» **Task material**:
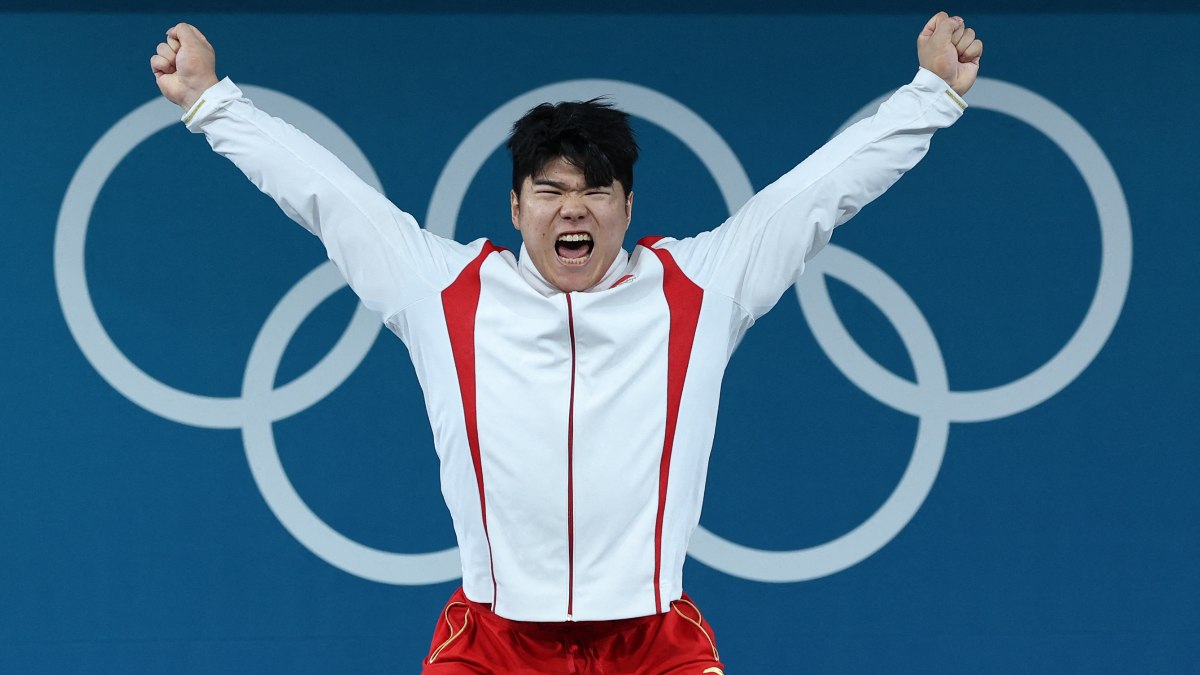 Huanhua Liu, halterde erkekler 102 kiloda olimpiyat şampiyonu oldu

--

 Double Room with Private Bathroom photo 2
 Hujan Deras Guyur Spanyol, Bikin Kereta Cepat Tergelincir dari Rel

» **Your assignment**: Copy back the listing above exactly, but only from the line with "Double Room with Private Bathroom photo 2" through the line with "Hujan Deras Guyur", both ends included.

» **Response area**:
 Double Room with Private Bathroom photo 2
 Hujan Deras Guyur Spanyol, Bikin Kereta Cepat Tergelincir dari Rel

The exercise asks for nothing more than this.